A margine della presentazione della venti giorni AngelicA che dal 5 al 28 maggio, tra teatro San Leonardo e conservatorio Martini di Bologna, teatro Rossini di Lugo e teatro comunale di Modena, vedrà avvicendarsi artisti del calibro di Roscoe Mitchell, John Tilbury e Heiner Goebbels, Simonini è intervenuto sull’argomento.

Dell’auditorium se n’è vista giusto una presentazione fuggevole, più che altro dal forte impatto visivo…

“Di questo auditorium ho sentito parlare, so che ha 1800 posti. In una foto piccolina se ne intravede la forma e si parla di un’ottima acustica, ma dei dettagli non si sa nulla”.

C’è già un precedente auditorium di Piano a Roma…

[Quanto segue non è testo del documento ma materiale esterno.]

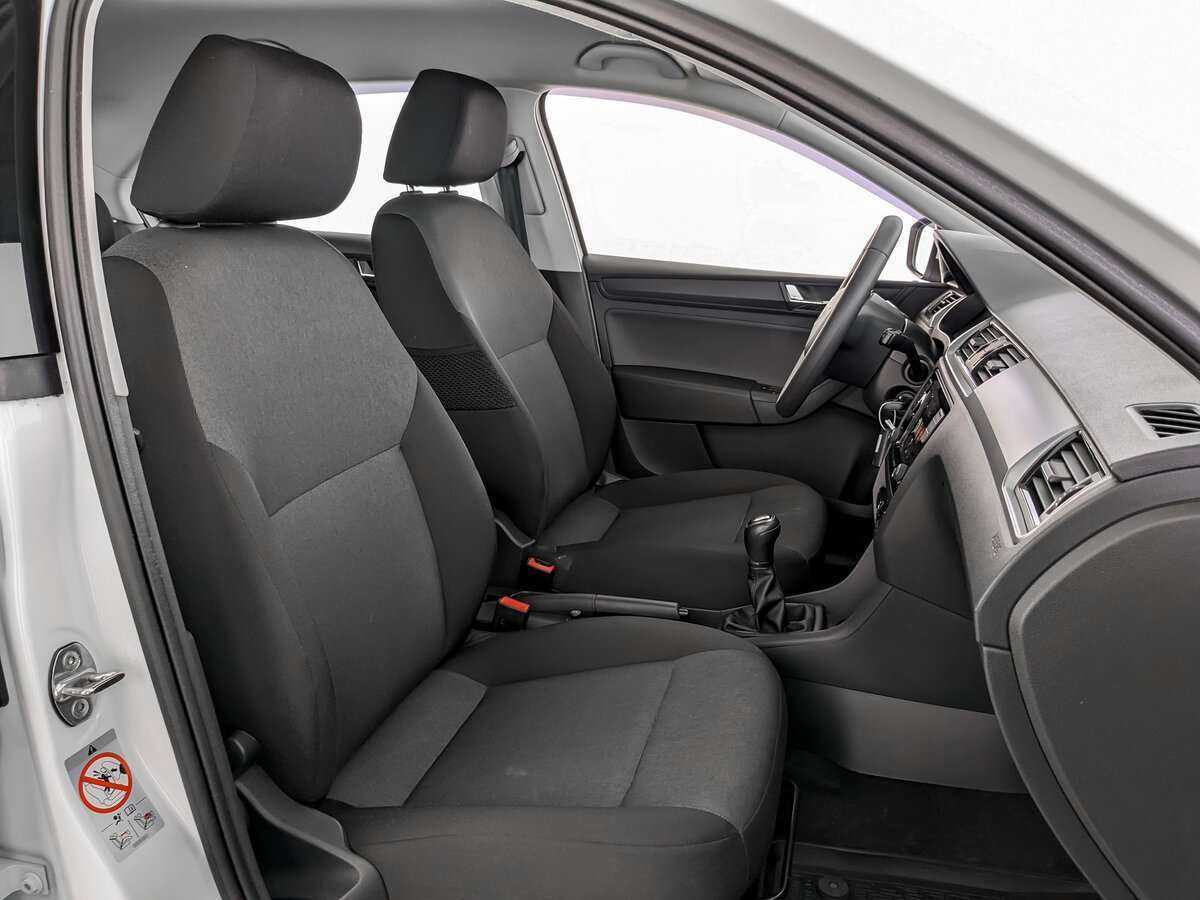 Skoda Rapid, 2017 Фото №19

“Da fuori ha una bella forma a coccinella, è intrigante. Poi dentro tra un po’ che ti ci perdi, un po’ che ci metti ore per scaricare il materiale di scena e poi quando ti siedi le ginocchia toccano il seggiolino davanti, ti accorgi che alcuni elementi fondamentali del progetto sono stati trascurati”.

Tu hai parlato di un’idea del compositore tedesco Stockhausen, con cui AngelicA ha collaborato, per un auditorium del futuro: ce la puoi spiegare?

“L’idea che Stockhausen mi spiegò a parole tempo fa, è un progetto a forma di uovo. Lui diceva che le sale da concerto di oggi devono essere disegnate anche per la musica del futuro. Devono essere flessibili e non solo con un palco e due casse di fianco ai musicisti che proiettano il suono verso il pubblico. Stockhausen aveva pensato ad un esempio estremo di fruizione con una sala divisa in due, un palco schiena a schiena. Insomma un luogo flessibile nel numero dei posti e con un palco da trasformare”.

Sembra una proposta diversa dall’auditorium di Piano…

“Un nuovo spazio lo può disegnare chi vuole. Rimane ferma l’esigenza di uno spazio comunque flessibile, cosa che a me non sembra prevista nel progetto presentato giorni fa. A Bologna, per esempio, manca una sala da 400-500 posti. Si va dal Comunale in cui si siedono 800 persone al San Leonardo dove si svolgerà buona parte di AngelicA con 100-150 posti. Ecco che più che una sala da 1800 posti, difficile da gestire e riempire, avrebbe più senso una struttura flessibile capace di accogliere differenti tipi di esecuzione musicale”

L’idea è che il progetto Piano sia calato dall’alto, se non addirittura imposto alla pubblica amministrazione…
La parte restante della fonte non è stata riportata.